[Opening Provided material section]
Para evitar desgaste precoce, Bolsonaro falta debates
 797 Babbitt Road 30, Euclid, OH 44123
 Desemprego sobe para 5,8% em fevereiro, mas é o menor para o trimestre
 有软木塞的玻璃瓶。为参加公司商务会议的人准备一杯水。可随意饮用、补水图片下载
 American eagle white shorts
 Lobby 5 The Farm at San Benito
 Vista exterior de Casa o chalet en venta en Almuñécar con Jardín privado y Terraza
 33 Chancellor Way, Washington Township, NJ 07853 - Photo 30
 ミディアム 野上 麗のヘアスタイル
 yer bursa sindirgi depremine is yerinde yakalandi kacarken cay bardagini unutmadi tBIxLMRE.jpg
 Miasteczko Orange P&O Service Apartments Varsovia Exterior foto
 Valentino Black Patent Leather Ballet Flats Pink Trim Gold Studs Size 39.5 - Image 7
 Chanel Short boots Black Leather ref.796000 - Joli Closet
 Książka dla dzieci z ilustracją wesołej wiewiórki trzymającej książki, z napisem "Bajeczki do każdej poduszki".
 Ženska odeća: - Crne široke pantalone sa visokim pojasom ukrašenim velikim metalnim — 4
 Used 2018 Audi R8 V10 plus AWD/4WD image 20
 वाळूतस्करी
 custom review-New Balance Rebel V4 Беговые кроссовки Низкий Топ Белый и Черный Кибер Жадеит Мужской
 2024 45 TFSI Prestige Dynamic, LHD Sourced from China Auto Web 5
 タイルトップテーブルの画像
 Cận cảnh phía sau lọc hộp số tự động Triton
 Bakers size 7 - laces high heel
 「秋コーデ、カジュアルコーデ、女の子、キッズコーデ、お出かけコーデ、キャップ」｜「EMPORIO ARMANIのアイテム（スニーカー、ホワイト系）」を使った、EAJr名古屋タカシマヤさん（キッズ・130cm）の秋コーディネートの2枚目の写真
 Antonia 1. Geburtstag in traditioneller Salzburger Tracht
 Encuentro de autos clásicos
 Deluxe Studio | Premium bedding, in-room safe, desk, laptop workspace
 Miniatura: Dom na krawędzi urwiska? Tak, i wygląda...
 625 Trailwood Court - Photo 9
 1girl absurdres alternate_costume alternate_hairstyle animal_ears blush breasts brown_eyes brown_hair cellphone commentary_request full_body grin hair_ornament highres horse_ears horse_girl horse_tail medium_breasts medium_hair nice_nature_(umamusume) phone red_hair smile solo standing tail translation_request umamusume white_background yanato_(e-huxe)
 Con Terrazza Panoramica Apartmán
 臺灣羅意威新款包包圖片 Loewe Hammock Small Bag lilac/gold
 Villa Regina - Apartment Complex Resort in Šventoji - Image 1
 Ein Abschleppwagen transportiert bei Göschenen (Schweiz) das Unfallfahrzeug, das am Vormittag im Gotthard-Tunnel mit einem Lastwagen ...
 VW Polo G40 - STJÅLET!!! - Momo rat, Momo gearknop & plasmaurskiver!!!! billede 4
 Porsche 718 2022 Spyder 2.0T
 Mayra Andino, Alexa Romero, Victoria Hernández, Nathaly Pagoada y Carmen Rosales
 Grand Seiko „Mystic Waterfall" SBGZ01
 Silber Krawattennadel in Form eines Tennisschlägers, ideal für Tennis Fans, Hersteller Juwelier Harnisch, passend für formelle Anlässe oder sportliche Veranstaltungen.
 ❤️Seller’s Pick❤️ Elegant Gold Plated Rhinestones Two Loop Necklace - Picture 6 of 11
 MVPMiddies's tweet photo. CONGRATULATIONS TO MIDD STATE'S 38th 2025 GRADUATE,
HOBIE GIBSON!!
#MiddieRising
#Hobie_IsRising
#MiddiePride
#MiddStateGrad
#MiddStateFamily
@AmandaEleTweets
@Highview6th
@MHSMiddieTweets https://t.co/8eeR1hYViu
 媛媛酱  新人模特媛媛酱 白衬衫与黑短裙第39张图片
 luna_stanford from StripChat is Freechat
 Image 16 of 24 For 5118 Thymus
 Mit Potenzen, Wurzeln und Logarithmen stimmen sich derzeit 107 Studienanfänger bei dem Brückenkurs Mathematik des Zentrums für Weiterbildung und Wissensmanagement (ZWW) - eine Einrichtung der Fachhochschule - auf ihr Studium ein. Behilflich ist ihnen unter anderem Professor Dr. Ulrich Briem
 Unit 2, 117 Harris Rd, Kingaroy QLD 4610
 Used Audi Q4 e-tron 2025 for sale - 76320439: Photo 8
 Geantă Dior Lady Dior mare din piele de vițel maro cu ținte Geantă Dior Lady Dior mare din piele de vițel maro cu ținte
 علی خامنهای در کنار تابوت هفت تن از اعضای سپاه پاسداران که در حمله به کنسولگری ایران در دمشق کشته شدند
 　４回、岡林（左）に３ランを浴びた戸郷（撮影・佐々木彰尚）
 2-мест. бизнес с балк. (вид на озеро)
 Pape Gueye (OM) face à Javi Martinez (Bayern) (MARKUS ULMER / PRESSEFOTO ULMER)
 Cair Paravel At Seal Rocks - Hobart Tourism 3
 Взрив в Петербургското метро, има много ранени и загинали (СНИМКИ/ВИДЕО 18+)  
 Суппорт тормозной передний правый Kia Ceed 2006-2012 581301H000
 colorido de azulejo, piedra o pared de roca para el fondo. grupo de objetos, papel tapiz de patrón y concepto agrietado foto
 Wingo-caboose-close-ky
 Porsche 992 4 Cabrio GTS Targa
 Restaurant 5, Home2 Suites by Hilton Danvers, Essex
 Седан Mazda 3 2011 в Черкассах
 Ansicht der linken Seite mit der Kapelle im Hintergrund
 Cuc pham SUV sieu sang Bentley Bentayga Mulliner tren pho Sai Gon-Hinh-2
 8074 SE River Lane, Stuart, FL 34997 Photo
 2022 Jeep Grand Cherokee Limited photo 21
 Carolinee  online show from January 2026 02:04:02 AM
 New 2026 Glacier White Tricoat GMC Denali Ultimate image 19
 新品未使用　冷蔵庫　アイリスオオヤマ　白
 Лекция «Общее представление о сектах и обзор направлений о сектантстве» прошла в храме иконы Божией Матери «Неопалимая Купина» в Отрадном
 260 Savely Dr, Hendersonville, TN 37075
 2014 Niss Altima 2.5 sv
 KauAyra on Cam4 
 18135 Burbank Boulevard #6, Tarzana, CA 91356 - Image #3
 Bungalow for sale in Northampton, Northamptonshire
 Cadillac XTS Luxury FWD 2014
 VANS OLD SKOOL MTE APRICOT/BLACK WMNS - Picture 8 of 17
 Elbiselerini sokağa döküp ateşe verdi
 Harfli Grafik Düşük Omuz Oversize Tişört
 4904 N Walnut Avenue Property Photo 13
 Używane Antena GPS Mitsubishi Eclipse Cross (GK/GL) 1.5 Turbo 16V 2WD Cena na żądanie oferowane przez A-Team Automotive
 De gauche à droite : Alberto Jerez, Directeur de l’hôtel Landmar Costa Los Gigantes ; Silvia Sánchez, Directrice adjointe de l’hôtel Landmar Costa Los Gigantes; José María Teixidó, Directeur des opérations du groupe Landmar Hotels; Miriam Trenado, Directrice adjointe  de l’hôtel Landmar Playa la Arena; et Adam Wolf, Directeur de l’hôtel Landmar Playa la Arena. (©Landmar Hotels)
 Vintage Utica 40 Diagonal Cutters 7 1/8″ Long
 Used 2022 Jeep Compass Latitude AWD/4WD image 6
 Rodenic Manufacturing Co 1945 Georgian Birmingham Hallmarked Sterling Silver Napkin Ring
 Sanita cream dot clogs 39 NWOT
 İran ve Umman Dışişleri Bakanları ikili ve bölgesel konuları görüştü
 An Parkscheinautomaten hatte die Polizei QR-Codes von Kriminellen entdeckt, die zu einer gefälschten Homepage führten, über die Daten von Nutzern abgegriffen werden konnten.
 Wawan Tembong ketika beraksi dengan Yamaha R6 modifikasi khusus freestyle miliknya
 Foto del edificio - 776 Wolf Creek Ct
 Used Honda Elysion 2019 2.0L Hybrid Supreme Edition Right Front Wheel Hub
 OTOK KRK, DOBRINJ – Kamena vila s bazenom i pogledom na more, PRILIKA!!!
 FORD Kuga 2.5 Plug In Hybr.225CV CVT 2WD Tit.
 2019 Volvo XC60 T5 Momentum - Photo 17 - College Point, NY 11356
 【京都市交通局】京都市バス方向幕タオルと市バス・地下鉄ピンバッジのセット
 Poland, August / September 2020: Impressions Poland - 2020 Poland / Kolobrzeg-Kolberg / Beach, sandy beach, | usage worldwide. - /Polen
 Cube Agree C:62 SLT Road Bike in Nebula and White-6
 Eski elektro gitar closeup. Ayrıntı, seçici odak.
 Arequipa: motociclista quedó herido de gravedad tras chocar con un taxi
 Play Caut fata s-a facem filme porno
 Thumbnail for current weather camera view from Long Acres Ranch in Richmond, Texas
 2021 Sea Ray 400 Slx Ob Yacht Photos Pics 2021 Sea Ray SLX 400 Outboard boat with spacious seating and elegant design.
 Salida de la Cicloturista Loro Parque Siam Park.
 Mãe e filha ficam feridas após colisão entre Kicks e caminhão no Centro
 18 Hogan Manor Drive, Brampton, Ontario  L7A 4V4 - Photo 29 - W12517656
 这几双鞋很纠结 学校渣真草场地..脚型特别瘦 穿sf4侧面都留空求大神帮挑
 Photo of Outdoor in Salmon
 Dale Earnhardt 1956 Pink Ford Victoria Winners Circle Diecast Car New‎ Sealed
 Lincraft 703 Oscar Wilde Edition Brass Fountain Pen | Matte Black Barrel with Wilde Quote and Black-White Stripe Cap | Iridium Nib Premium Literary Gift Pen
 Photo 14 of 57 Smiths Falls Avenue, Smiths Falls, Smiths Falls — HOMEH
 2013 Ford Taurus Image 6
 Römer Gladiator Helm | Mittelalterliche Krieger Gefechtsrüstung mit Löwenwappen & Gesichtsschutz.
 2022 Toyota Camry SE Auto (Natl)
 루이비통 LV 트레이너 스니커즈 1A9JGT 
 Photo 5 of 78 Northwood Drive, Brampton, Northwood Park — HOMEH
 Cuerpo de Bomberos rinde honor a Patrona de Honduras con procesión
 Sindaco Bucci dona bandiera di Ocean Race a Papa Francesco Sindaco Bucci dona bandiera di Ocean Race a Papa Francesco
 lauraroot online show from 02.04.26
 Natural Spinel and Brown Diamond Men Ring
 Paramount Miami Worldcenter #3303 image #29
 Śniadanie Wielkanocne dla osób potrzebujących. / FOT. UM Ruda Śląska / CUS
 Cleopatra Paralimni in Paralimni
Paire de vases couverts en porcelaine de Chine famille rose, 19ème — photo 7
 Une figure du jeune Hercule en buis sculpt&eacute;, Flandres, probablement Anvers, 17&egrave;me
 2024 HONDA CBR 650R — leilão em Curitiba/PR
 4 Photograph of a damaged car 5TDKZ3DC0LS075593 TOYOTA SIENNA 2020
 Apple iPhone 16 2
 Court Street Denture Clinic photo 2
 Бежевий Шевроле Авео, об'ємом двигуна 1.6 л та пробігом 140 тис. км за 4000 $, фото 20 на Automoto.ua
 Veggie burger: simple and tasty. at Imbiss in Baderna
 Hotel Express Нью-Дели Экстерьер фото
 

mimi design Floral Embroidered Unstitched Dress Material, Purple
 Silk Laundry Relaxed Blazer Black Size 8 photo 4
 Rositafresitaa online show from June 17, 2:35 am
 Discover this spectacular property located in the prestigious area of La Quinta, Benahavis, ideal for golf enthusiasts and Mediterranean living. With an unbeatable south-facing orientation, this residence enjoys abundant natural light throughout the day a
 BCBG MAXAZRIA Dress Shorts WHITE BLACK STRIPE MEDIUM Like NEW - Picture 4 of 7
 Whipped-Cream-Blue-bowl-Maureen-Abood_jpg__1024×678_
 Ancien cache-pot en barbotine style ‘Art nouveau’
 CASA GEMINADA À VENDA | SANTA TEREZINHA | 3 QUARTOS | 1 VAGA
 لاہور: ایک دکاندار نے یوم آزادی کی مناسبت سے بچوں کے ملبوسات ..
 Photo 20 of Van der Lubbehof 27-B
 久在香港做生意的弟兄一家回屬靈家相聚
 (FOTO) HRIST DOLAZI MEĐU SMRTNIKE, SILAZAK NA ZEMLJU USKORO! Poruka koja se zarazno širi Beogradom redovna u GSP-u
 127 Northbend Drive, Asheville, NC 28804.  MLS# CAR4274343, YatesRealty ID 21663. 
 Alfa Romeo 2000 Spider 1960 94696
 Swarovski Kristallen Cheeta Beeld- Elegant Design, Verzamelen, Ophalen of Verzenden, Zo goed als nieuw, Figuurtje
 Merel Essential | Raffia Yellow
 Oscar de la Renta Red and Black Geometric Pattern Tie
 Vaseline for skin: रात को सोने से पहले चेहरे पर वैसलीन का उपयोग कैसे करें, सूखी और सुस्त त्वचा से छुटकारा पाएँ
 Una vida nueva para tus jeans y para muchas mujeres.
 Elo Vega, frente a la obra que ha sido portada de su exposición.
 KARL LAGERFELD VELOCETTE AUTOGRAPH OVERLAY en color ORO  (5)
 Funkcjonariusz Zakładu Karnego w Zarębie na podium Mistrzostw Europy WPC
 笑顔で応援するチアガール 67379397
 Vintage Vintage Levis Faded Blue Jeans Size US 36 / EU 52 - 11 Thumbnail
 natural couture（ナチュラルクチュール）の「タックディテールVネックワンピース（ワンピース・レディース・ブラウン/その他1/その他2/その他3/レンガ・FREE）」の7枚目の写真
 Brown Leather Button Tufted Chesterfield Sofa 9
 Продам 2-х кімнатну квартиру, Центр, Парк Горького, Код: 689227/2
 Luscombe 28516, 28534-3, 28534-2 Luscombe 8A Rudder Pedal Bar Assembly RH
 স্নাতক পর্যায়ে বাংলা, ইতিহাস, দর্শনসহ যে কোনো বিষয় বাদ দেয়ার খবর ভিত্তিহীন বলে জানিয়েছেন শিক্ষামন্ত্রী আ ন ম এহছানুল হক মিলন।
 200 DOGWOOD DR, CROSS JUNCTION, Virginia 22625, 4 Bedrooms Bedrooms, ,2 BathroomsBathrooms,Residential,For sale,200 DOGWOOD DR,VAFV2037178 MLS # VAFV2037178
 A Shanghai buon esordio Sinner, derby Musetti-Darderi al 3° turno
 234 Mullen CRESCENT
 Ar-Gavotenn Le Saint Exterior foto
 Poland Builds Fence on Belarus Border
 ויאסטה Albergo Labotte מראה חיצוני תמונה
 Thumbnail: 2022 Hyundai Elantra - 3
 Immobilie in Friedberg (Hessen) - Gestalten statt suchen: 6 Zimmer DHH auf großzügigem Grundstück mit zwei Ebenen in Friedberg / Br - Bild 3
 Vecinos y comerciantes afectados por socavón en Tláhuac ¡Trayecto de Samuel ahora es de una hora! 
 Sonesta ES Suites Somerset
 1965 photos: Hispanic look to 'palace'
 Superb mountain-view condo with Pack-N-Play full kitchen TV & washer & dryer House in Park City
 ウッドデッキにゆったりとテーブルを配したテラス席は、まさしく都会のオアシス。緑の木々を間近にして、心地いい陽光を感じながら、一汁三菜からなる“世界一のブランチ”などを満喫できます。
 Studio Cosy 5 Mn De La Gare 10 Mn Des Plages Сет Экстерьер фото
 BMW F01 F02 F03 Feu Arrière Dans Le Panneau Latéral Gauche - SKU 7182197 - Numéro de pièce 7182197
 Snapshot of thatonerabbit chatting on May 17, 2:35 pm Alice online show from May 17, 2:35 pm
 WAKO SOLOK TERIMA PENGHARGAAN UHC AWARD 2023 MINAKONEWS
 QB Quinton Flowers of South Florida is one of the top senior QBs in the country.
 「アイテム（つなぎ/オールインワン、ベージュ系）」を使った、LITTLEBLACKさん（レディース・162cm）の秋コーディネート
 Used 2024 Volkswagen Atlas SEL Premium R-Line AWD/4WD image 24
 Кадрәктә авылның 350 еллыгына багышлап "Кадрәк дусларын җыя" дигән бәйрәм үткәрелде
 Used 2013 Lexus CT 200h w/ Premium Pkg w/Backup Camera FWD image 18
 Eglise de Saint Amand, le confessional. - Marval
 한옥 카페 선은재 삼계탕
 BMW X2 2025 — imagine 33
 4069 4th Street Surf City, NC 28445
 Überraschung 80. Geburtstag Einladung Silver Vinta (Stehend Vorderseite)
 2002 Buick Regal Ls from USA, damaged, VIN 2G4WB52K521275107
[Closing Provided material section]
Task item: Look through the entries above, and wherever a line holds the word "Picture", copy it.

Problem solution:
 ❤️Seller’s Pick❤️ Elegant Gold Plated Rhinestones Two Loop Necklace - Picture 6 of 11
 VANS OLD SKOOL MTE APRICOT/BLACK WMNS - Picture 8 of 17
 BCBG MAXAZRIA Dress Shorts WHITE BLACK STRIPE MEDIUM Like NEW - Picture 4 of 7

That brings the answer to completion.